Here’s what you should do:

  • If you witness civil rights grievances or hate crimes: Document, document, document. Take pictures. Make recordings. Upload to the social medias.
  • Hold the people that do wrong things responsible for the wrong things. It’s not Donald J. Trump’s fault when the KKK marches on a freeway overpass in North Carolina. He didn’t order them to do it. Blame the KKK, they made the decision to do it. Blame the people who support the KKK. Address the issue.
  • Take a break from the social media (unless it’s related to the first bullet point). Refuse to let hate drive you. See Yoda quote above.
  • Talk to your neighbors about kids, about life. Understand people as people — complex beings — and don’t judge.

It’ll be all right. As much as it pains you, give Donald Trump the benefit of the doubt. Extend him and his supporters the courtesy you’d expect had the election turned out differently. He won, now he’s gotta govern.

Let’s see what he does before acting as if the world has ended. After all, it didn’t end when Bill Clinton took office after G.H.W. Bush; it didn’t end when G.W. Bush took office after Bill Clinton, and it didn’t end when Barack Obama took office after G.W. Bush. The world isn’t going to end this time either. Our republic is resilient.

Unity in essentials, liberty in non-essentials, and in all things, charity. 

The Day After

Recall from my previous post that I voted for neither Hillary Clinton nor Donald Trump. So I was already expecting a morose day. But I’d honestly expected Hillary to win, and I’d expected to have to deal with a president-elect whose political ideology I disagree with. Instead, I have to deal with a president-elect whom I find personally reprehensible.

I am currently a registered Republican (though that may change), so the difficulty I’m having with a “successful” night for Republicans is actually weird. Really weird.

And I don’t know that it’s because of Donald Trump’s positions on political issues. Some I agree with, some I don’t (well, to the degree that we can divine the mind of Donald Trump).

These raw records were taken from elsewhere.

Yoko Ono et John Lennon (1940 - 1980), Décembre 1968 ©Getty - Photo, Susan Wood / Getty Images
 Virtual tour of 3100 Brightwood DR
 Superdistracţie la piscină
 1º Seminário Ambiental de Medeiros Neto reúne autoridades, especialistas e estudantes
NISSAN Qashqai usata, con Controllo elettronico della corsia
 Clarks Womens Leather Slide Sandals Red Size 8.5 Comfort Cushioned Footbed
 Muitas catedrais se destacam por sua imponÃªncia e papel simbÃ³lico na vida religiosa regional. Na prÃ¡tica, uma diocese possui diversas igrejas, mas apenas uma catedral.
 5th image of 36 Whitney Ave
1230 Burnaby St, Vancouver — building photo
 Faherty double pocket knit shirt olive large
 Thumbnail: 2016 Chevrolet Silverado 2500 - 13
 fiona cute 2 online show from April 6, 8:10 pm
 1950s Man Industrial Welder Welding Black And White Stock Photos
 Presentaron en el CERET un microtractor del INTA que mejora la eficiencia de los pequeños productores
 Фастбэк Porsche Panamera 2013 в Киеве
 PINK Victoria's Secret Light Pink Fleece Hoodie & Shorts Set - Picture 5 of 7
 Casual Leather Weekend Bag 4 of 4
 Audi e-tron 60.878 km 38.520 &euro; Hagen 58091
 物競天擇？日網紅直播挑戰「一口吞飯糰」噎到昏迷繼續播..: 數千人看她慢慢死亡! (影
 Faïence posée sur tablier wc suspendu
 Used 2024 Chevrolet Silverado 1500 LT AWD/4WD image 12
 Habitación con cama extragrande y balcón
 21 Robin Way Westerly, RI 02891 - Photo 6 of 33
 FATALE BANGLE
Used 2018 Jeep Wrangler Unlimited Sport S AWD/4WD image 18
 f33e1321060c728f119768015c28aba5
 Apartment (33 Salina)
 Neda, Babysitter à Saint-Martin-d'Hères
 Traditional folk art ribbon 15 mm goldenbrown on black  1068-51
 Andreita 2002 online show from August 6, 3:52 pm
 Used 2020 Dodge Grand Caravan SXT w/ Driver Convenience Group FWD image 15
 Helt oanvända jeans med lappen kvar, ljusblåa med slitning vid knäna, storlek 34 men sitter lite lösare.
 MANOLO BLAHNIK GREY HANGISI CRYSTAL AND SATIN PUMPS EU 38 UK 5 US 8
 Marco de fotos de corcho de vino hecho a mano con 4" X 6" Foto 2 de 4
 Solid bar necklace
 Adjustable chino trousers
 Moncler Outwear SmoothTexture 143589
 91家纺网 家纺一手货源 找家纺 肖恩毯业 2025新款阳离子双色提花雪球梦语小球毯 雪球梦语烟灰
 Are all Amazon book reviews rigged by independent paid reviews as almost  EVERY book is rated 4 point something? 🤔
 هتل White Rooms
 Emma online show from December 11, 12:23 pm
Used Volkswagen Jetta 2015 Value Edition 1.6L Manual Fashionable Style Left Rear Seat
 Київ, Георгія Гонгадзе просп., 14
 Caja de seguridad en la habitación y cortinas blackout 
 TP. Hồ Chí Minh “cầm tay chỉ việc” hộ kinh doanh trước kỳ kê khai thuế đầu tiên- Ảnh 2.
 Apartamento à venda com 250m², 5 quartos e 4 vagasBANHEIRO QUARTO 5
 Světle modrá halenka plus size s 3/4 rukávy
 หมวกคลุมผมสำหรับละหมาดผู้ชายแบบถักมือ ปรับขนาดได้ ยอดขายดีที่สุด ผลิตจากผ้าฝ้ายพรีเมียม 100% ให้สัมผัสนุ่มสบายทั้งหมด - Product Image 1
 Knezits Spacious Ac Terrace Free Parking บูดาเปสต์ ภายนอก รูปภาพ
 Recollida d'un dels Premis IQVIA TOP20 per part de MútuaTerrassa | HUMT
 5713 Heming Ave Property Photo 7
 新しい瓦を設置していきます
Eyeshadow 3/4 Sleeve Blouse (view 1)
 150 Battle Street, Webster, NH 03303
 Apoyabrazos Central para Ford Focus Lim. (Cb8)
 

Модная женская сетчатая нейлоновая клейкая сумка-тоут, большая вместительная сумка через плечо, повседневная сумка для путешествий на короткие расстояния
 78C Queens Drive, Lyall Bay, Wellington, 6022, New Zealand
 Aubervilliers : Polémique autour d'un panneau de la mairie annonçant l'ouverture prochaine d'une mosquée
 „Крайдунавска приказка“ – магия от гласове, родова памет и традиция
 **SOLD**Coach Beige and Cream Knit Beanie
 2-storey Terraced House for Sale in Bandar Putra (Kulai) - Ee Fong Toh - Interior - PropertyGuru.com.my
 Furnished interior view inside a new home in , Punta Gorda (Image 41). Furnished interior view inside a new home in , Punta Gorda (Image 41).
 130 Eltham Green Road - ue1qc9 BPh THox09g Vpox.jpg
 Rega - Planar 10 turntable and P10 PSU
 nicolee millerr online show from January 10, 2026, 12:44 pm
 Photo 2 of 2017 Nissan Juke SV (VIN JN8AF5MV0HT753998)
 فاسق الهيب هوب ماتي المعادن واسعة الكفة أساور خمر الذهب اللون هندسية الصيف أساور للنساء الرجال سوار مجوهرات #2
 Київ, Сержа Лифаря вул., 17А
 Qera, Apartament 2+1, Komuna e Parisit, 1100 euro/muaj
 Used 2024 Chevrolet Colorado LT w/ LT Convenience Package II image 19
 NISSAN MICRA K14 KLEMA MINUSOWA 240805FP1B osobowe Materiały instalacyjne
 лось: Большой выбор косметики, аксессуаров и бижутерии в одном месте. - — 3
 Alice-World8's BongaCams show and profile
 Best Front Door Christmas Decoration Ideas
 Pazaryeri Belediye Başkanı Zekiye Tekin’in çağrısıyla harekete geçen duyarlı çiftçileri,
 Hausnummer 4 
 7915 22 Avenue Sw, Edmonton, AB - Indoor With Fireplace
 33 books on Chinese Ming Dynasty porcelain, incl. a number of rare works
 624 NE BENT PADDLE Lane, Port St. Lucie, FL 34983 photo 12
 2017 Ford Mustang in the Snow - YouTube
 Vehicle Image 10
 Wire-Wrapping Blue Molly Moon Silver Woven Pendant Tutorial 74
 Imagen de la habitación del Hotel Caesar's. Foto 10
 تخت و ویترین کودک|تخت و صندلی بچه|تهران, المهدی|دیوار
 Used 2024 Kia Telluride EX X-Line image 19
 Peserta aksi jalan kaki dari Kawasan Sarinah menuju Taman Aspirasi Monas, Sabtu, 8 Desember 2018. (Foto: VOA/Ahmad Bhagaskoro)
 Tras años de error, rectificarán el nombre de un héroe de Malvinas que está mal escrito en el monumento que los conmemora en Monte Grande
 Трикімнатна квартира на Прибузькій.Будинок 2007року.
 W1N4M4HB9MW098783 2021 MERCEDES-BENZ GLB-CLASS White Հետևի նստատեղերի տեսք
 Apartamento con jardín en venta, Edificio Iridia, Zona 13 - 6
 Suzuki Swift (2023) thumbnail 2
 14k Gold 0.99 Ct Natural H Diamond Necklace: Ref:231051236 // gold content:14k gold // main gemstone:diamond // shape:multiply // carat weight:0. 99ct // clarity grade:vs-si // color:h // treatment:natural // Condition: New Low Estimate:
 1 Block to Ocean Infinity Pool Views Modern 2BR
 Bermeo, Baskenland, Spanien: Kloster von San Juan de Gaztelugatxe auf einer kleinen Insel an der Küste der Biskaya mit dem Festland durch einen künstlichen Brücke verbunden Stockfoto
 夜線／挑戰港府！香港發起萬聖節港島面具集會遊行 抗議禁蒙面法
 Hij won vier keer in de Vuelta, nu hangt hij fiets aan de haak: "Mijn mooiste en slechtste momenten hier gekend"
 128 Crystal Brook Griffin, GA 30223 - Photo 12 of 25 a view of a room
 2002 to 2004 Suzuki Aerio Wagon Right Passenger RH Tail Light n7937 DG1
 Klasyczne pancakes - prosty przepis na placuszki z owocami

My hesitation is because of the rhetoric Mr. Trump used throughout the election cycle. My hesitation is due to the elements of society that Mr. Trump’s rhetoric stokes. While I understand Mr. Trump has denied or refused to confirm association with these fringe elements, my fear is that now they are emboldened to move from the shadows into the light of day.

I’m talking about white supremacism. I’m talking about xenophobia. I don’t accuse Mr. Trump of holding these reprehensible ideas; I do think his ascension and rhetoric has given these ideas and those who hold them an opening.

As a parent in a trans-racial family, this gives me pause.

I had to explain to my daughter this morning about how some people who support Mr. Trump are like the people who wanted Rosa Parks (one of her heroes) to just stand in the back of the bus and be quiet. My son isn’t old enough to understand this yet. And my third child, who will join our family in January, will begin life in a different world.

Please, Mr. Trump — no, wait. Please, Mr. President-elect — disavow ties to these reprehensible ideologies. Give them no quarter. Denounce them when they act.